Esses enunciados, e tantos outros do mesmo nível, nada teriam de espantosos se não viessem de autoridades acadêmicas. Vieram. E continuam vindo. Prefiro não documentá-los (o que me exigiria um gravador e muita deselegância), mas eles estão por aí, trazidos por alunos ou colegas. Eles gostam de me assombrar, de um modo ou de outro. E são mesmo de autoridades, algumas até cheias de condecorações e empáfia, que circulam em altas rodas acadêmicas, nos endereços mais quentes das Américas ou da Europa. Essas falas são frequentes em aulas de graduação ou de pós, em congressos de estudos de cinema, em debates variados, em orientações, em bancas de mestrado ou doutorado e até em horripilantes bancas de concurso para seleção de professores efetivos em universidades federais.
Trata-se de uma rejeição sistemática ao aprofundamento, uma escolha – fraca, talvez, porém irrevogável – pela superficialidade. Algumas dessas autoridades sabem – ou desconfiam, sentem, intuem – que a imagem vai além da representação, ou mesmo que guarda complexidades em algum lugar aquém da representação. Mesmo assim, preferem a superficialidade. Repito que a escolha é fraca, entendendo por isso aquele tipo de escolha que, ao comentar Dreyer em seu curso de Cinema, Deleuze caracteriza como aquela que se tem quando não se sabe que há escolha: uma opção falsa, algo escolhido previamente.
De Pascal a Kierkegaard desenvolvia-se uma idéia muito interessante: a alternativa não se apóia nos termos da escolha e sim nos modos de existência daquele que escolhe. É que há escolhas que só podem ser feitas se estivermos convencidos de que não há escolha, seja em virtude de uma necessidade moral (o bem, o dever), seja em virtude de uma necessidade física (o estado de coisas, a situação), ou em virtude de uma necessidade psicológica (o desejo que se tem de alguma coisa). A escolha espiritual se faz entre o modo de existência daquele que escolhe desde que não saiba, e o modo de existência daquele que sabe que se trata de escolher. É como se houvesse uma escolha da escolha ou da não-escolha. Se tomo consciência da escolha, já há, portanto, escolhas que não posso mais fazer, e modos de existência que não posso mais levar, todos aqueles que levava caso me persuadisse de que "não havia escolha".

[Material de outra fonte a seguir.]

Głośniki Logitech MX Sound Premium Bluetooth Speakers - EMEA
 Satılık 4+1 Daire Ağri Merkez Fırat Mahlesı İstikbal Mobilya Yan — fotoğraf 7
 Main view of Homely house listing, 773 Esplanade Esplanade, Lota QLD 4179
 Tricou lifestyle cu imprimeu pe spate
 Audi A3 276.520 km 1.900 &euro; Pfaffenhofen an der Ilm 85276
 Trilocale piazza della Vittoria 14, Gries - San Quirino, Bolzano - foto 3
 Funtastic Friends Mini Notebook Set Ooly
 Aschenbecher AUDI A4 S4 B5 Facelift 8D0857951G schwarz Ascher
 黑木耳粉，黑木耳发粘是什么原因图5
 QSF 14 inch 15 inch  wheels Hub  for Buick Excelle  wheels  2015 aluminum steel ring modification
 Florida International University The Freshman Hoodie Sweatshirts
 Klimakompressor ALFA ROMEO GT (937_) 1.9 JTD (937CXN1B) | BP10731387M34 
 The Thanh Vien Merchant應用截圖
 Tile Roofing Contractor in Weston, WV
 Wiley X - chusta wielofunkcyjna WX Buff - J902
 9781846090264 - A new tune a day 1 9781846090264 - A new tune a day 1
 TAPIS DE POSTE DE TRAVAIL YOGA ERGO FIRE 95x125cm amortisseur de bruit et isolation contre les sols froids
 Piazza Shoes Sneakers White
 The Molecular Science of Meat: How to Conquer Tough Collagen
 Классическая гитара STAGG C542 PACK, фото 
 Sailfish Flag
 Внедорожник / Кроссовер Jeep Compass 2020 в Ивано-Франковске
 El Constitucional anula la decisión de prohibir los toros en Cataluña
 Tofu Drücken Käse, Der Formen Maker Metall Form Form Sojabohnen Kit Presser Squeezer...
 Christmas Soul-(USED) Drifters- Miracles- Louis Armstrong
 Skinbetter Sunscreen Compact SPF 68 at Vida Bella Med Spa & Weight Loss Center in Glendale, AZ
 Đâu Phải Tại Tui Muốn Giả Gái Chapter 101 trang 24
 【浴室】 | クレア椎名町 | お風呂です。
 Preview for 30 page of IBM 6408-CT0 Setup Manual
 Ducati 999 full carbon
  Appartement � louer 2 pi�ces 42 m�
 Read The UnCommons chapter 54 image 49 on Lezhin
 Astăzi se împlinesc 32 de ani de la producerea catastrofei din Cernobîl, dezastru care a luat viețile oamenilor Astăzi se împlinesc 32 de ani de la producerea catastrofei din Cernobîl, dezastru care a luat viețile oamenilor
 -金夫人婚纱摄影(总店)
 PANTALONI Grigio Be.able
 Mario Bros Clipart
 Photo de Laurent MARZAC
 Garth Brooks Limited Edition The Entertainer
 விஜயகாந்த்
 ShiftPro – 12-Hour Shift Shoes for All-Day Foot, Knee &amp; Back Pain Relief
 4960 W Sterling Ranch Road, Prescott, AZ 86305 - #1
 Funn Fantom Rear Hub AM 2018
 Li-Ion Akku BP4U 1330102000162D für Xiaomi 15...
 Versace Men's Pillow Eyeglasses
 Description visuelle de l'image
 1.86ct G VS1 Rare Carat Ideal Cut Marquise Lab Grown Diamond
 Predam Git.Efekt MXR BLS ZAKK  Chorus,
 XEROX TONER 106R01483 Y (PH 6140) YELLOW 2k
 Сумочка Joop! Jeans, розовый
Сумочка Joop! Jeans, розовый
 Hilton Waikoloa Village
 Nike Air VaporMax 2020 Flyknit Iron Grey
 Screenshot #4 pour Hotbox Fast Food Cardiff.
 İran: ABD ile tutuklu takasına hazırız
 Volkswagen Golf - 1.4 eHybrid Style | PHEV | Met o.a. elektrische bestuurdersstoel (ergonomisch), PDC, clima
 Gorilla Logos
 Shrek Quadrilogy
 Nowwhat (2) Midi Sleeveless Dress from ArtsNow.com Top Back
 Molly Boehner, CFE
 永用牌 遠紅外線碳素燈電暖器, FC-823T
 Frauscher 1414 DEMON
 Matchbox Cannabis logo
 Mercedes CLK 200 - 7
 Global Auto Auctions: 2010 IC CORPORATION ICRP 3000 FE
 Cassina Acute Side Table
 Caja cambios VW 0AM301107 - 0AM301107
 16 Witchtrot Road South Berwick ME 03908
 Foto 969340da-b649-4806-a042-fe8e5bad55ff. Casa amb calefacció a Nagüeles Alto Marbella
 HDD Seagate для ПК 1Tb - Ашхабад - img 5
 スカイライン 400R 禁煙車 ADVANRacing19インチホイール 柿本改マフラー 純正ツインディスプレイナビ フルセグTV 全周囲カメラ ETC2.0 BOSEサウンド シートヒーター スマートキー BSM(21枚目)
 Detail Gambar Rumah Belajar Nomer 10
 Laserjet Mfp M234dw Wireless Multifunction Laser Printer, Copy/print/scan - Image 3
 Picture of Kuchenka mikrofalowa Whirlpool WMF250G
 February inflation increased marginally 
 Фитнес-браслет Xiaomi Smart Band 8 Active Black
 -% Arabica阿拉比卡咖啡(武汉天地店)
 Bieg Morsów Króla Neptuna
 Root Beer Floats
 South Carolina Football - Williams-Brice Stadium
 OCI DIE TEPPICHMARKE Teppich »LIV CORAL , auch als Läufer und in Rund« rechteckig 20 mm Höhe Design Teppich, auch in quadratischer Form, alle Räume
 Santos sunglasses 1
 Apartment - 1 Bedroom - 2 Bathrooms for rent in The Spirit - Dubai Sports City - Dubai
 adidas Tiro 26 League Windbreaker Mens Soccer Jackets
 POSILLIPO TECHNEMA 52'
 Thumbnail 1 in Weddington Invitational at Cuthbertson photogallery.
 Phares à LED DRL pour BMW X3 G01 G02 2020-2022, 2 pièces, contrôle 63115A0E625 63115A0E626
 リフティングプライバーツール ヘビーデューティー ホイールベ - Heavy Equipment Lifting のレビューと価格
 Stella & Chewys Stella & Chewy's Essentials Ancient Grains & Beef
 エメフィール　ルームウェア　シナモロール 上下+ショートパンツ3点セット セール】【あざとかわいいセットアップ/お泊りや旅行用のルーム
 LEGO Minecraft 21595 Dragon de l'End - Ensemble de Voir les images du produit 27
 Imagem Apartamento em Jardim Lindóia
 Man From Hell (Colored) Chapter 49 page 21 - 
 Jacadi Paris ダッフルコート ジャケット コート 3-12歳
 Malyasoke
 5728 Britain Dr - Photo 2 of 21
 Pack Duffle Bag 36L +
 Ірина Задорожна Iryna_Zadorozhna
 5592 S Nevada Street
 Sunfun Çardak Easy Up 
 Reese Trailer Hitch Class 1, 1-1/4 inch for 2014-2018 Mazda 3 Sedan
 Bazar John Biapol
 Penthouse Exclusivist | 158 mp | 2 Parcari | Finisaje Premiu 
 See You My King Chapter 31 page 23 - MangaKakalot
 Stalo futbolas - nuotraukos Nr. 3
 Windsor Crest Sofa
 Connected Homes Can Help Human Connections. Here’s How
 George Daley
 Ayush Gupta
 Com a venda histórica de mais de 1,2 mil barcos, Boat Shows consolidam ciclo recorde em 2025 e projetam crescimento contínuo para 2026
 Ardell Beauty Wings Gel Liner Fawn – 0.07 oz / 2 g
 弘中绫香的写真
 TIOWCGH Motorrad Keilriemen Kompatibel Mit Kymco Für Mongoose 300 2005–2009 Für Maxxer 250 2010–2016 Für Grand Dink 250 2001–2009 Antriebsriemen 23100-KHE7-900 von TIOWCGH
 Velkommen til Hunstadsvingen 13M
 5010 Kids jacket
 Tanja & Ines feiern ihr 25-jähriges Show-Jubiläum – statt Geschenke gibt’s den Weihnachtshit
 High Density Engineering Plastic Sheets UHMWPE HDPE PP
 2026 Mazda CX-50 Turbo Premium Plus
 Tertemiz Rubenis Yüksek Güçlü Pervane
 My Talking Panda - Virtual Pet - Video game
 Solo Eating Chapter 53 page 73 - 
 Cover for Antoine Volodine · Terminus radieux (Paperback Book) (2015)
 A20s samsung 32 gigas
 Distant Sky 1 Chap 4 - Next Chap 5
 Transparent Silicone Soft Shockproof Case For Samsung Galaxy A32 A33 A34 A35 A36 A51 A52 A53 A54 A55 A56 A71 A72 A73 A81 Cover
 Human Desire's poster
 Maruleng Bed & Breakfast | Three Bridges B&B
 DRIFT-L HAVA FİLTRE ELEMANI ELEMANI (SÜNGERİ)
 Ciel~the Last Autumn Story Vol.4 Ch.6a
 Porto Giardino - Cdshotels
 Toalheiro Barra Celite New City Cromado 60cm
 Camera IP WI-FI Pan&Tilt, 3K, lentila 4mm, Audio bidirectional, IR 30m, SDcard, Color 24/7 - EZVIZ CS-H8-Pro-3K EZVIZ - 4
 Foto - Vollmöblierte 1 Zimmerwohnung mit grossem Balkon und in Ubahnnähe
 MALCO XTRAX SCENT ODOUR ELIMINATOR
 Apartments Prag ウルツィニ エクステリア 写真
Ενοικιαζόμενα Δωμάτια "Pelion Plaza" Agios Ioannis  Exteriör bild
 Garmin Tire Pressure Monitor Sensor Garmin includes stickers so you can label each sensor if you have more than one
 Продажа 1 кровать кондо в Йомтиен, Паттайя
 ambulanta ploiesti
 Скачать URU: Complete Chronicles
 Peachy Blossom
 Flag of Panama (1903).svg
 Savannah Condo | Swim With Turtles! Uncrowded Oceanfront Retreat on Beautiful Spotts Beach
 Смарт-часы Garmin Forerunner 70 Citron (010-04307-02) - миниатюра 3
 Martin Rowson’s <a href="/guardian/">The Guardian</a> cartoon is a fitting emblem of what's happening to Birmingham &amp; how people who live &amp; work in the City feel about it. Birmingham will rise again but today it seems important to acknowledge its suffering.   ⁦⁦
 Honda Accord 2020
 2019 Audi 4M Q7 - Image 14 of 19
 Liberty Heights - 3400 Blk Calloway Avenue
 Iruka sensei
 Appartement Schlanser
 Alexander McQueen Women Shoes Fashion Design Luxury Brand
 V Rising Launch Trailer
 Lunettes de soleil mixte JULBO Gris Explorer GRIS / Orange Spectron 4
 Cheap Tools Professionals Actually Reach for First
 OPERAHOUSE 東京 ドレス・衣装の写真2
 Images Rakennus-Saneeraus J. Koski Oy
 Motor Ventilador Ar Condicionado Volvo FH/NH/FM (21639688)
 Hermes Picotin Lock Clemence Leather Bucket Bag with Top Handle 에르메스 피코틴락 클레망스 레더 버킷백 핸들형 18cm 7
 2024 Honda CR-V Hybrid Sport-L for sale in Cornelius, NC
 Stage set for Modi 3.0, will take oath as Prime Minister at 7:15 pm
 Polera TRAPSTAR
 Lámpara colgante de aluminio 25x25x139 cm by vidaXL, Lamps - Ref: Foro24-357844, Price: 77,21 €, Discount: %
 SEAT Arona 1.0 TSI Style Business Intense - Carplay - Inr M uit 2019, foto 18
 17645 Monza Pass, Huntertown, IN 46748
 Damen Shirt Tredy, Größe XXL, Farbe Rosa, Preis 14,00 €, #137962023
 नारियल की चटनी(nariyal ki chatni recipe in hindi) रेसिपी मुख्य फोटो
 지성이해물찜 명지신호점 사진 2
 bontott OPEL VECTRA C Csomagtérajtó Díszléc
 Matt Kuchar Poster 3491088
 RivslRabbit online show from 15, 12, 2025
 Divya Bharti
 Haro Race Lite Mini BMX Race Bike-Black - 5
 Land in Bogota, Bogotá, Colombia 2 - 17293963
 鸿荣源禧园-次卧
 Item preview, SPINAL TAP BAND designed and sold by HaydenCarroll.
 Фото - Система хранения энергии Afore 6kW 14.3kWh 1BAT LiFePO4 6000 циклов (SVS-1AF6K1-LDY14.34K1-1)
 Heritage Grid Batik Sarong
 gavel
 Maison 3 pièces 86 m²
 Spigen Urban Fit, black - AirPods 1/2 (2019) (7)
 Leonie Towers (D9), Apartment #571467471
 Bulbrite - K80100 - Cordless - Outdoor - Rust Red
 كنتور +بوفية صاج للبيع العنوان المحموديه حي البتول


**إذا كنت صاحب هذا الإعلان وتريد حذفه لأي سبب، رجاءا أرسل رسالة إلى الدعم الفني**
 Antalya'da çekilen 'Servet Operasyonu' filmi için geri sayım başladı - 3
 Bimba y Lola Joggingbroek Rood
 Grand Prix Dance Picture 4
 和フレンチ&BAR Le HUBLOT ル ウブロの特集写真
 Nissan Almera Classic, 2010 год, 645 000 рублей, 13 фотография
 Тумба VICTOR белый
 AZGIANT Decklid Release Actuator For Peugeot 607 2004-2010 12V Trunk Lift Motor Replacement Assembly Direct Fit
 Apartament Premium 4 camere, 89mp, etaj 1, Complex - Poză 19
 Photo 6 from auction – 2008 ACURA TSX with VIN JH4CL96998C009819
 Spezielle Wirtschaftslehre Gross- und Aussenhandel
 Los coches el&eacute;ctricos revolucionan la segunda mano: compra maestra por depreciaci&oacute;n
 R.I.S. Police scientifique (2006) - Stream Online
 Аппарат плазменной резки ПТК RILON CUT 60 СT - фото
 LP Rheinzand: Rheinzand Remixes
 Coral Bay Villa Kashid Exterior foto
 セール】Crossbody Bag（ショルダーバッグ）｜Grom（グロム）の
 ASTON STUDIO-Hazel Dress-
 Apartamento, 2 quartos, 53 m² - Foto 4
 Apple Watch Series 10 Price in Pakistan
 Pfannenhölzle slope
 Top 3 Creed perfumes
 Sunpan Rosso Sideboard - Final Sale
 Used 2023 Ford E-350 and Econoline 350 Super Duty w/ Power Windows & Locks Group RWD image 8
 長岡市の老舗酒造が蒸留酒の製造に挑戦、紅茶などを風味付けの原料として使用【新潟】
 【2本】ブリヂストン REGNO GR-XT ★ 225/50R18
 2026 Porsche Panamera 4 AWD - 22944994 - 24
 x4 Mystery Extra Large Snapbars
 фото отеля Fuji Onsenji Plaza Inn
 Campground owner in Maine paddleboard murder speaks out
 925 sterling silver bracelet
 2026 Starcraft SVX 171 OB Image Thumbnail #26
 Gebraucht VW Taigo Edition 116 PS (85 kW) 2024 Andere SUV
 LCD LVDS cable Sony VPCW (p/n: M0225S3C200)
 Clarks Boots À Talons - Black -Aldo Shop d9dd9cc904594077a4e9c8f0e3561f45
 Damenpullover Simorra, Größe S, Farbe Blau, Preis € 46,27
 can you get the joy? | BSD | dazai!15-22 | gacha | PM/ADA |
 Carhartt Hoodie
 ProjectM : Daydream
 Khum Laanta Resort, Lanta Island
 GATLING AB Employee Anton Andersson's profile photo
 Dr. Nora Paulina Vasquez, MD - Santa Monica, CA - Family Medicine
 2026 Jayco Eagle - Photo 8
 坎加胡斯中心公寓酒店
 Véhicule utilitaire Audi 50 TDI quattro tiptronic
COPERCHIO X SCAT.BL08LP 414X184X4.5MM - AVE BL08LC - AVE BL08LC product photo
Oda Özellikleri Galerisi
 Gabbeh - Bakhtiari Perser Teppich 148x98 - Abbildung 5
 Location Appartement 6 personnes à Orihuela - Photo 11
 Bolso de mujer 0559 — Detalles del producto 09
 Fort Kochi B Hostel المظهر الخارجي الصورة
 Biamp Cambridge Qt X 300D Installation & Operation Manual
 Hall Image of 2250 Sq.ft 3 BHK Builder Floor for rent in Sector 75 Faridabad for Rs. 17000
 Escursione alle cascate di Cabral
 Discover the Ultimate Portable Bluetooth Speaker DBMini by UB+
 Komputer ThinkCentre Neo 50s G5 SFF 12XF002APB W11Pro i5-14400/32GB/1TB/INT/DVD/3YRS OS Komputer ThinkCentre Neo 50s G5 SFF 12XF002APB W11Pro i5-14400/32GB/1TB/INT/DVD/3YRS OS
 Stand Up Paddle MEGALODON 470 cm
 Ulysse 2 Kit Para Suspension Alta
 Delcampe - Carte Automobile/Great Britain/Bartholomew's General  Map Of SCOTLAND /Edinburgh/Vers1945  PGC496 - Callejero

A insistência daqueles enunciados lamentáveis parece apontar para um modo de existência – o de um pragmatismo perverso, cruel e ingênuo ao mesmo tempo – que se deixa moldar pela força de uma tradição moral capaz, precisamente, de moldar e definir para sempre, assando-a em forno quente, a existência moldada. Refiro-me, é claro, à tradição dissecada por Nietzsche na Genealogia da moral, tradição filha de castigos e genocídios, reforçada pela combinação atroz que agora se nos explicita entre objetividade extrema, poderio capitalista e ódio conservador. A escolha prévia (sem saber, sem escolha) pela superficialidade corresponde ao caminho mais curto para a manutenção da própria existência, da própria autoridade: pra que se esfolar estudando, se a posição que interessa já está garantida, e se reforça justamente pela capacidade de dar respostas simples e rápidas, explicações fantásticas, breves e convincentes? Filosofar pra quê? (O mais curioso é que isso aparece até em autores que se intitulam filósofos. Um bom exemplo vem de Noël Carroll, com sua Filosofia do horror, à qual falta, precisamente... a filosofia.)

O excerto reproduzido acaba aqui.